01 October 2007

The Muddle In The Middle.


Jordan Hylden considers the widely varying reactions to the New Orleans House of Bishops' meeting:

There seem to be as many opinions as there are Anglicans, and they do not appear to be coalescing. The optimist, of course, might say that the widespread disagreement is proof of the Episcopal bishops’ success, in that they managed to find a middle ground that dissatisfied the extremes on both sides. Indeed, many Anglicans seeking to be moderates have already made such an argument. The pessimist, however, might just as easily say that the widespread confusion goes all the way down, demonstrating the incoherent muddle at the heart of Anglicanism itself.

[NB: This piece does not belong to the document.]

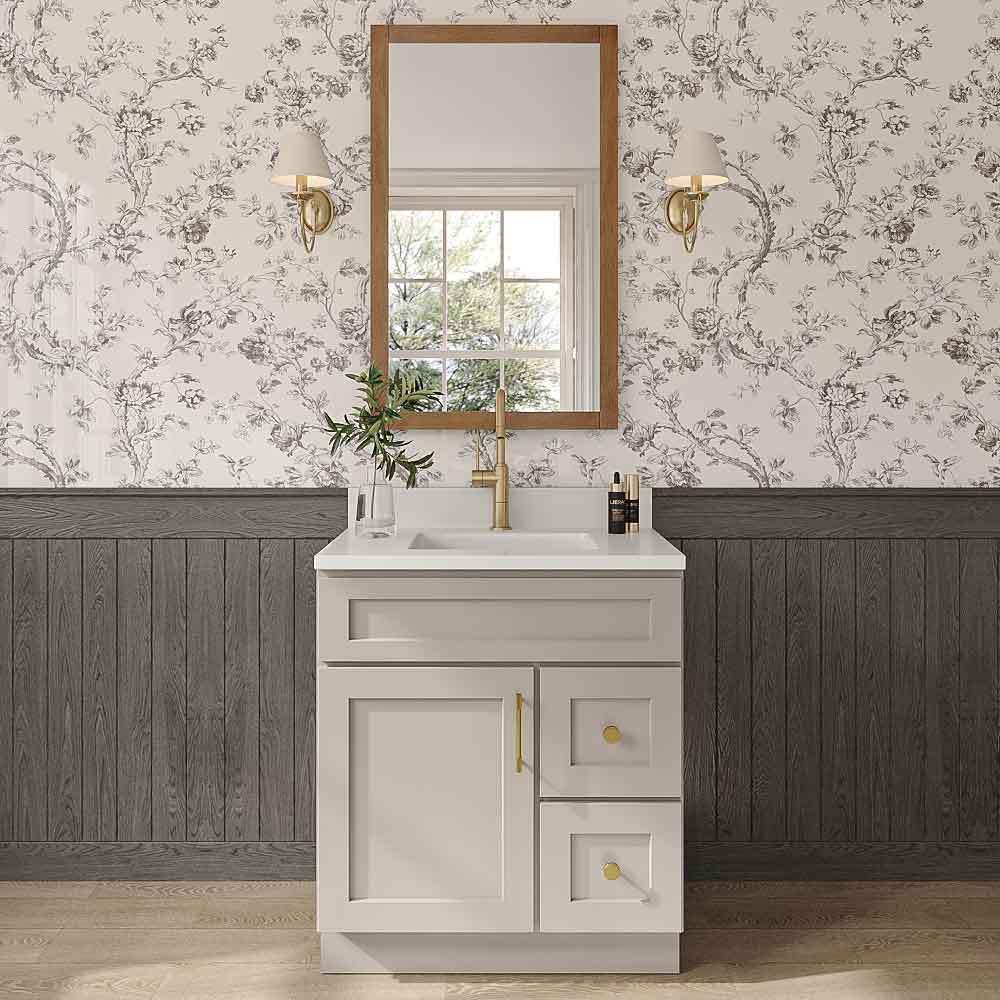 Weston Sand Shaker Single Door Vanity Combo Cabinet With Right Drawer - 30"W x 34-1/2"H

Jeffrey Steenson, the admired bishop of the Rio Grande, more or less said as much in his farewell address last week as he departed for the Roman Catholic Church. It all goes to show, he argued, what happens when you reject papal primacy; in essence, it creates a vacuum of authority that, thanks to human fallenness, leads inevitably to doctrinal and moral chaos. And of course Cardinal Newman had said the same thing about Anglicanism more than a century ago. Both the optimist and the pessimist perspectives—neither of which are necessarily the result of mere “optimism” or “pessimism”—are well worth keeping in mind for anyone seeking to understand Anglican events in the days ahead.